Dr. Kyle D. Pruett reports other interesting research findings in his book Fatherneed: Why Father Care Is As Essential As Mother Care for Your Child.  For example, a father’s involvement in a child’s life is the strongest parent-related predictor of empathy. It is also associated with the development of problem-solving behavior and reduced sibling conflict and aggression.  Children of involved fathers are much more successful academically and are more likely to go to college.  Even if the father does not live with the child, if they are actively involved in their lives, a child will tend to have less behavioral problems.

Some dads may worry that by giving high priority to their family, they will lose their edge in the workplace and not be considered for higher positions as much as those who lack family ties or neglect them. Research does not support this fear.  It is beneficial to both the man’s health and happiness and also to his children’s well being to put his family first. It is okay to plan your work around your family.  It is a good thing to consider father-child time more important than work time.
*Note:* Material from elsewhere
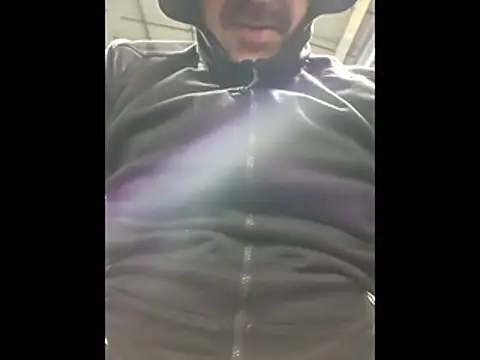 Snapshot of CloudyMuscleBeefy chatting on December 17, 2:05 am CloudyMuscleBeefy online show from December 17, 2:05 am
In the sad situation that a child is unable to have their own father there to connect with and share a nurturing relationship with, studies show that having other positive male figures in a child’s life can help decrease the risk of this having negative affects on them.  With this in mind, every positive interaction between a child and a man can help to ensure a child’s healthy development.  This fact in itself speaks of how important a father’s role is.  If a man can make a difference to the well being of ANY child, imagine the difference they can make in the lives of their own children.

As a mother, I know it is important for my kids to have a good relationship with their dad, but I also tend to view my relationship with them as more important. While I believe there’s nothing wrong with being a little possessive of your children, the truth is their relationship with their dad is one that Imageeffects them greatly.  I would love to believe that I can give them everything they need on my own.  If ever that sad situation occurred, I know I would try my best to do so, and they would still be much loved and well cared for children.  I wish love and support unto every parent who is forced to do it alone.  As stated by Dr. Pruett, those children with TWO loving, involved parents benefit from the wealth of each parent’s life experiences, different parenting styles, and approaches to dealing with life.  Though my parents divorced long ago, they both remained a large part of my life.  I know that this fact had many positive affects on my own happiness.

My hope for this writing is to inspire us all to respect and embrace the importance of fathers in our children’s lives so as to help ensure the happiness and overall positive development of those children.  I know that I am extremely grateful for having a father that loved and cared for me.  I hope that all of you fathers and mothers realize how important you are to your own children.